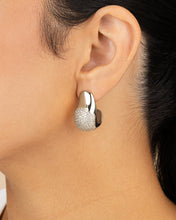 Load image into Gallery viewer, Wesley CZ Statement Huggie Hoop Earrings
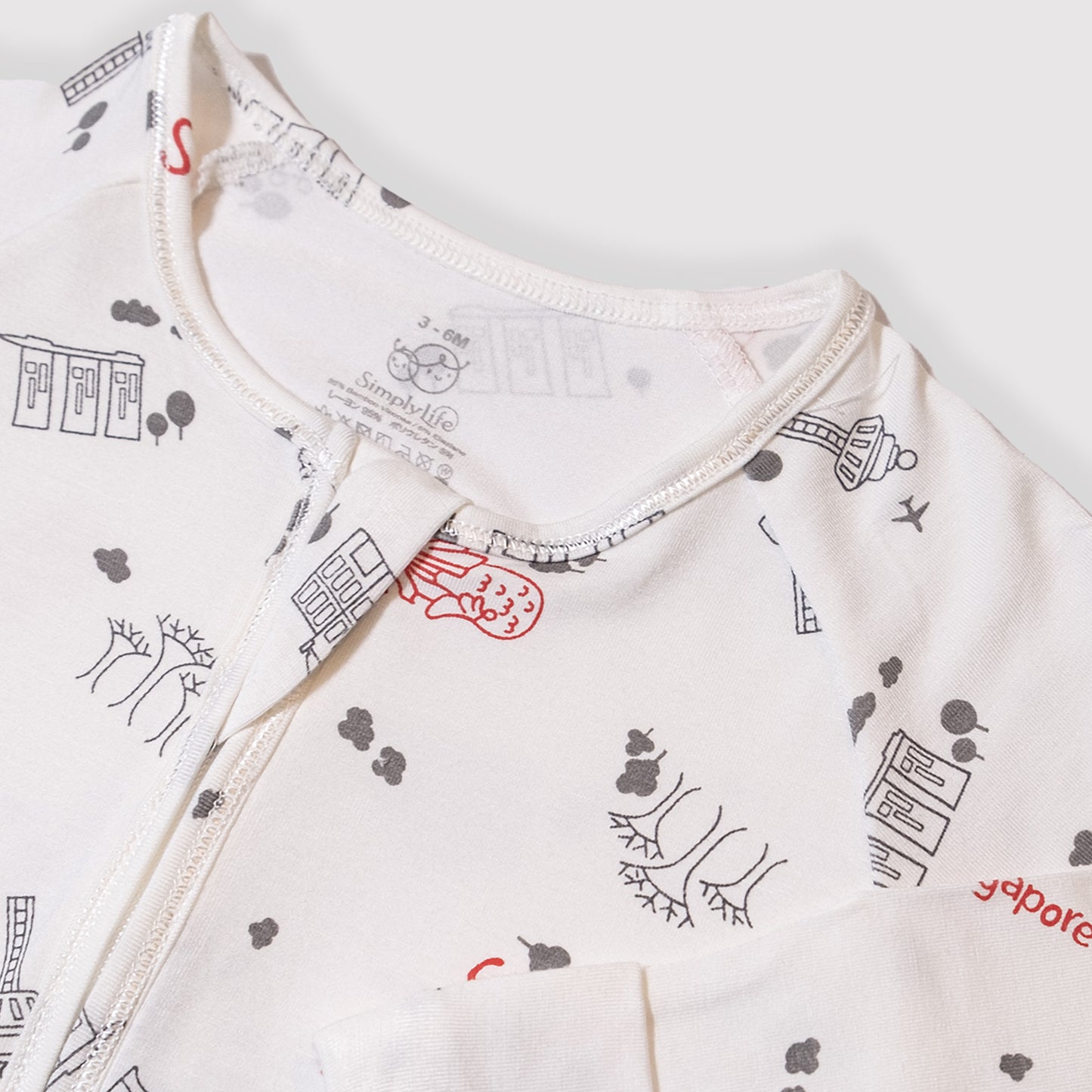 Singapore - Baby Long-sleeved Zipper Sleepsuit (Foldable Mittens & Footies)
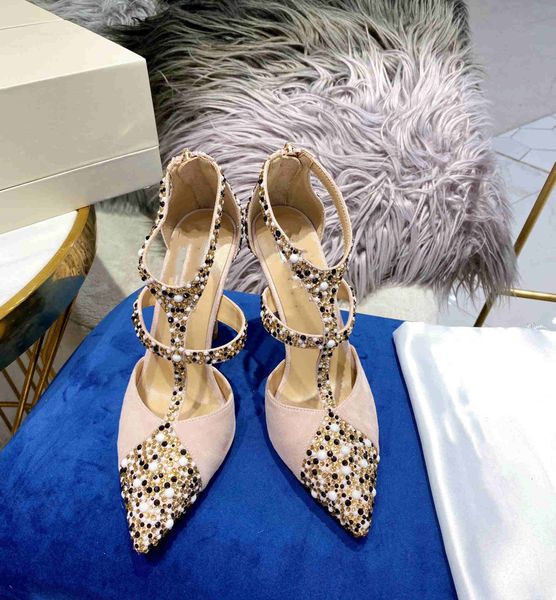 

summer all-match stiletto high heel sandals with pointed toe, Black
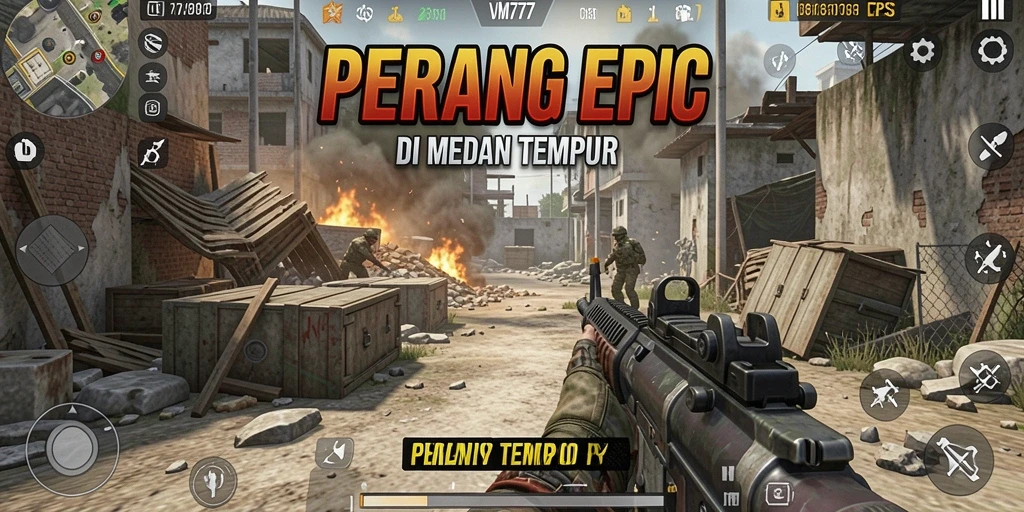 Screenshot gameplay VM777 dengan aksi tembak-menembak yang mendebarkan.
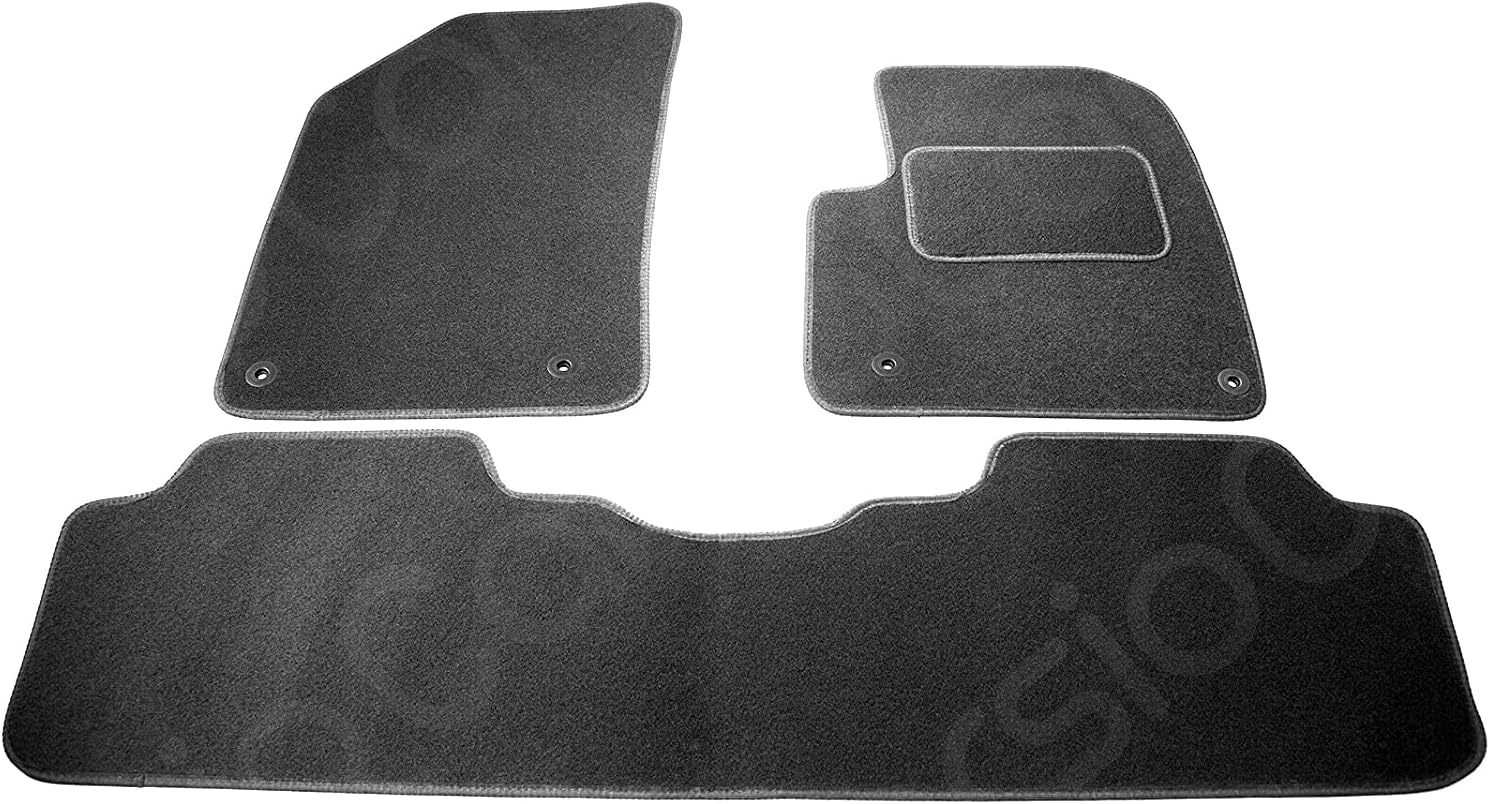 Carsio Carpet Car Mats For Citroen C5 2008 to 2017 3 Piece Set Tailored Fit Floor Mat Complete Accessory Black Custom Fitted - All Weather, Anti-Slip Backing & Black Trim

What you have to do:
Nothing but an exact copy of the data above, minus its pictures, should appear in the response.

Exercise answer:
 Load image into Gallery viewer, Wesley CZ Statement Huggie Hoop Earrings
 Singapore - Baby Long-sleeved Zipper Sleepsuit (Foldable Mittens & Footies)

summer all-match stiletto high heel sandals with pointed toe, Black
 Screenshot gameplay VM777 dengan aksi tembak-menembak yang mendebarkan.
 Carsio Carpet Car Mats For Citroen C5 2008 to 2017 3 Piece Set Tailored Fit Floor Mat Complete Accessory Black Custom Fitted - All Weather, Anti-Slip Backing & Black Trim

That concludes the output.